◆ What is required:
After locating the line with "molecular formula C13H18Cl2N4O", repeat it and every following line to the end of the listing, exactly. Omit the pictures.
Top of Provided data
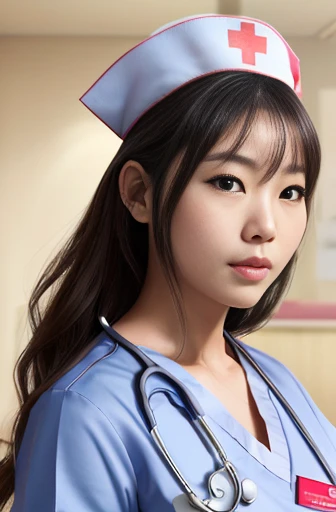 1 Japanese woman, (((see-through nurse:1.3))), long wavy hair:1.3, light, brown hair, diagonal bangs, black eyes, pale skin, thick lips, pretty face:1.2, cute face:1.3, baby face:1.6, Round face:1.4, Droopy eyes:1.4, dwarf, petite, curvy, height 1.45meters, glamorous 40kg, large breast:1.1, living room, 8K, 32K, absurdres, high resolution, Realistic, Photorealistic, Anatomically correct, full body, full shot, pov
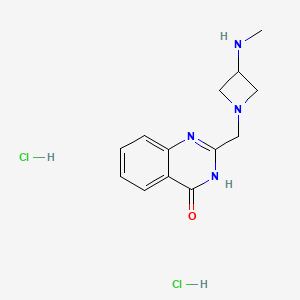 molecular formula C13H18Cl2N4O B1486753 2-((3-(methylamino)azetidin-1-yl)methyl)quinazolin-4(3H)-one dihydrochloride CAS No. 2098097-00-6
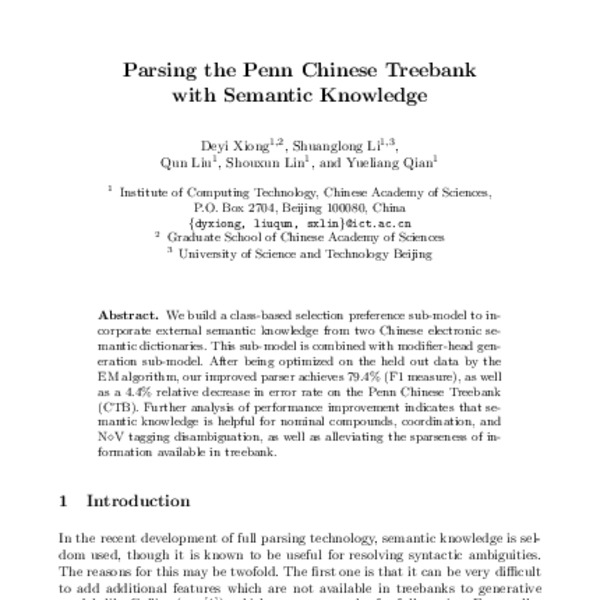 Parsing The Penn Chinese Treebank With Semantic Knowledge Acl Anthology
Bottom of Provided data
◆ Solution for this exercise:
 molecular formula C13H18Cl2N4O B1486753 2-((3-(methylamino)azetidin-1-yl)methyl)quinazolin-4(3H)-one dihydrochloride CAS No. 2098097-00-6
 Parsing The Penn Chinese Treebank With Semantic Knowledge Acl Anthology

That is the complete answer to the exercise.